“Spectrum,” photo: Nobutada Omote, courtesy of SPIRAL/Wacoal Art Center, 2015

Urban Mining series

2014–

Urban Mining is a work that incorporates disused streetlamps, discarded cables, empty cans, and other waste materials. An electric current flows through the layers of empty cans, while the wind and faint vibrations generated by fans cause the cables to touch each other in a random fashion, acting as a trigger that lights up the streetlamps and illuminates the miniature models.
The name of this work is inspired by the “urban mine” of useful resources that can be found in the huge quantities of discarded products in the city, as well as the IT/computing term “mining,” which is used to refer to the act of analyzing large volumes of data.

Urban Mining: Tuna (2017)

Photo Courtesy of Yamagata Art Museum

Urban Mining: Sea (2015–16)

Old streetlamps are scrapped and disposed of when replaced by LED lights. As they were used in Tokyo until very recently, each of these streetlamps is riddled with countless small marks, dents, and discolored areas that bear witness to long years of use. Cables that are typically buried underground and out of sight extend from the base of a streetlamp hung from the ceiling. Whenever these cables come into contact with a cube-shaped mass of compressed empty cans, the streetlamp lights up for an instant, as if it had been raised from the dead. Just next to this is a series of miniature streetlamps arranged to form a sculpture that lights up periodically, thanks to the same structure.
Mohri likens these sculptures, which emit light as if they were telegraphing Morse code, to an archipelago, or a series of topographical features that form a string of islands. Just like the Mediterranean islands nurtured by ancient Greece where each island gave rise to a different society, a unique harmony based on interaction, exchange, and a sense of collective solidarity can be found here.
Waste materials like streetlamps and empty cans, by serving as intermediaries that generate energy, cause the light from a streetlamp to stutter to life. Faced with this work, the viewer is made conscious not only of the cycle involved in reusing discarded objects, but also the cycle of these images themselves.

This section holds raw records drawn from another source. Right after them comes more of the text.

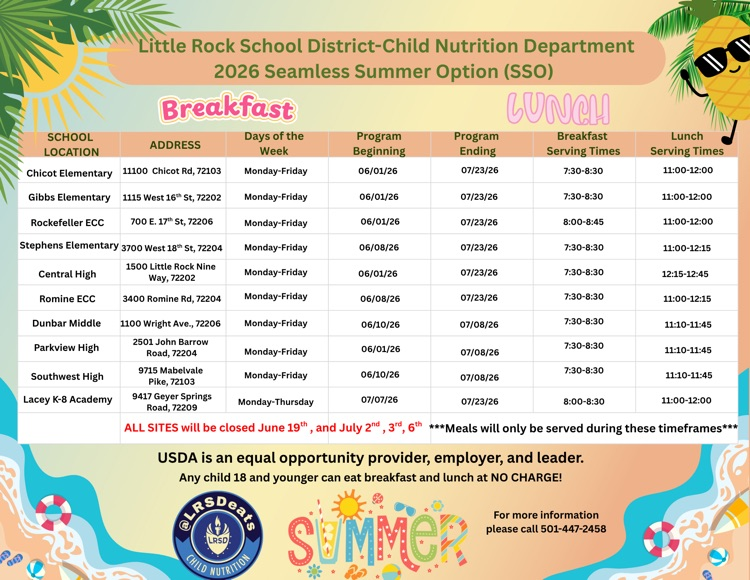 summer nutrition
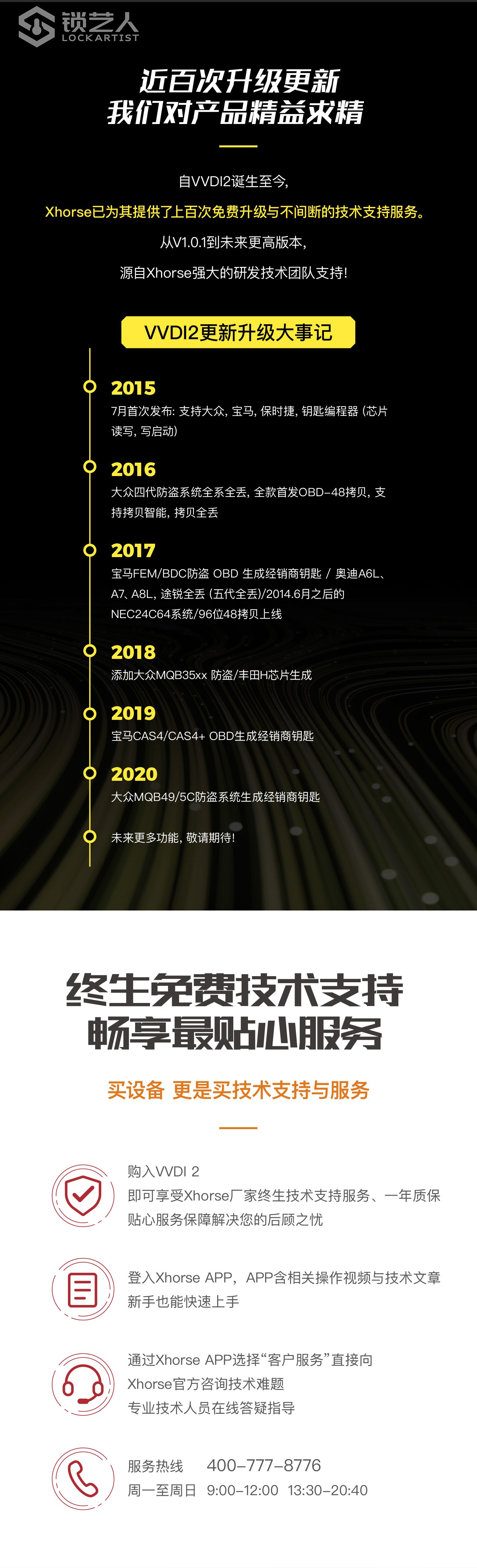 20210607 VVDI2详情页长图cn-04.jpg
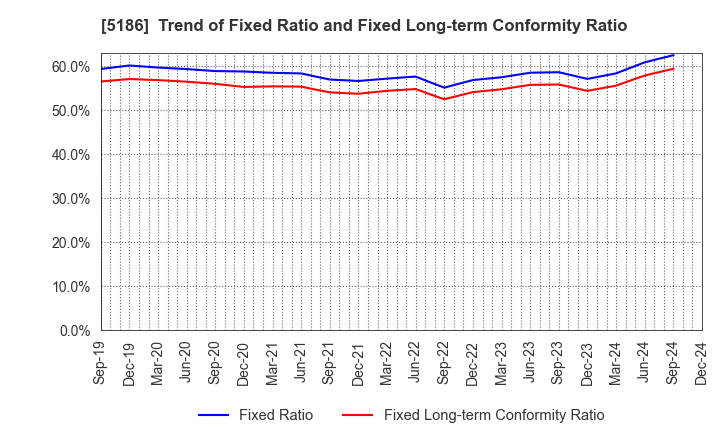 5186 Nitta Corporation: Trend of Fixed Ratio and Fixed Long-term Conformity Ratio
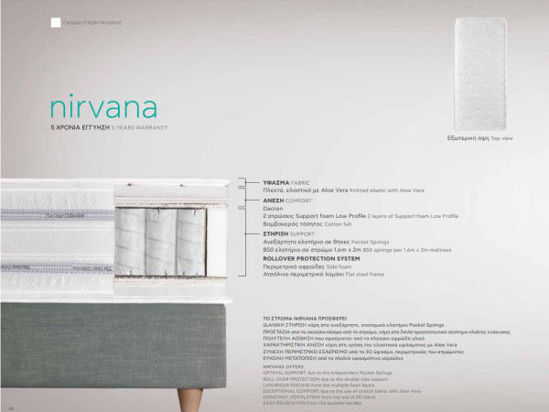 Εικόνα της CANDIA STROM NIRVANA ΑΝΑΤΟΜΙΚΟ ΣΤΡΩΜΑ 130CM X190CM ΗΜΙΔΙΠΛΟ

“Spectrum,” photo: Nobutada Omote, courtesy of SPIRAL/Wacoal Art Center, 2015

“Spectrum,” photo: Nobutada Omote, courtesy of SPIRAL/Wacoal Art Center, 2015

“Spectrum” (2015), photo: Nobutada Omote, courtesy of SPIRAL/Wacoal Art Center

Urban Mining: Sea
2015–2016
Materials: Street light, Can, Street light models, Compressed cans, Used cables
Size: 3262(H) x 16000(W) x 3756(D) cm

Urban Mining: for “The Rite of Spring” (2014)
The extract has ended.